The Business Secretary also took a series of venomous swipes at his Conservative coalition partners, variously dismissing them as “head-bangers” and “backwoodsmen”.

His conference address clearly established him as the Liberal Democrat best placed to lead his party into a post-election agreement with Mr Miliband as Labour would be likely to demand Nick Clegg's head as a price for a deal.

The Labour leader has revealed he regularly swaps text messages with Mr Cable, while the Shadow Chancellor, Ed Balls, has lavished public praise on the Business Secretary.

Mr Cable joked today about the contacts, raising laughs as he got out his mobile phone during his speech and pretended to receive a call from Mr Miliband, but also made clear he was unrepentant about maintaining contacts with Labour.

“Many of the decisions we face, on banks, industrial strategy, climate change, go way beyond the limitations of one party or one parliament,” he said. “That is why I also make sure I have good communications with politicians across the political spectrum.”

He stressed the party would fight the next election as a “totally independent, national, credible challenger for power”. But he predicted it would result in another hung parliament and made clear the Liberal Democrats could work just as easily with Labour as the Conservatives in the national interest.

He said: “I don't believe actually that the British people will want to entrust their future to any one party next time.
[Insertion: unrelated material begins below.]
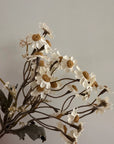 13″ Faux Cream Dried Daisy Bundle of mini stems with brown centers by Bungalow Furniture & Accessories.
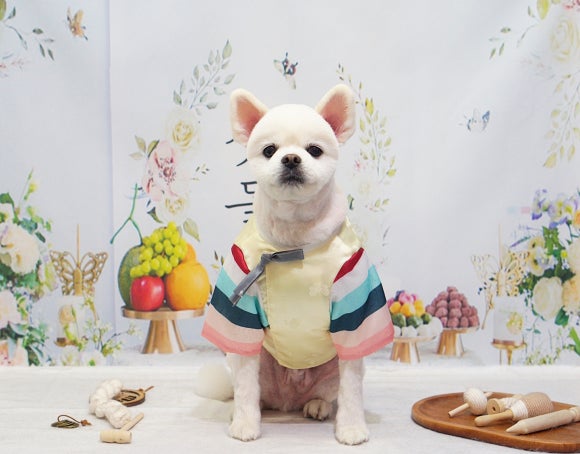 뭉치 이미지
And if Britain wants sustainable growth, competence with compassion, fairness with freedom and more equality not ever greater division, then that government must have Liberal Democrats at its heart.”

The Business Secretary attacked the economic competence of “rootless New Labour” between 1997 and 2010, as well as its civil liberties record and the decision to invade Iraq.

But he reserved his fiercest language for his coalition partners, mocking the “Tory backwoodsmen” horrified by the “proper taxation of wealth and land” and said he relished the “enticing prospect of a Tory split” between David Cameron and London Mayor Boris Johnson.

In a reference to Conservative ministers who want to relax employment laws, he said: “We have seen off the head-bangers who want a hire and fire culture and seem to find sacking people an aphrodisiac”.

An opinion poll today found the Liberal Democrats were more likely to win back voters lost since the 2010 election if Mr Cable - who has never ruled out standing for the party leadership - replaced Mr Clegg, with 29 per cent saying he would be an attractive leader compared with 13 per cent who said the same of Mr Clegg.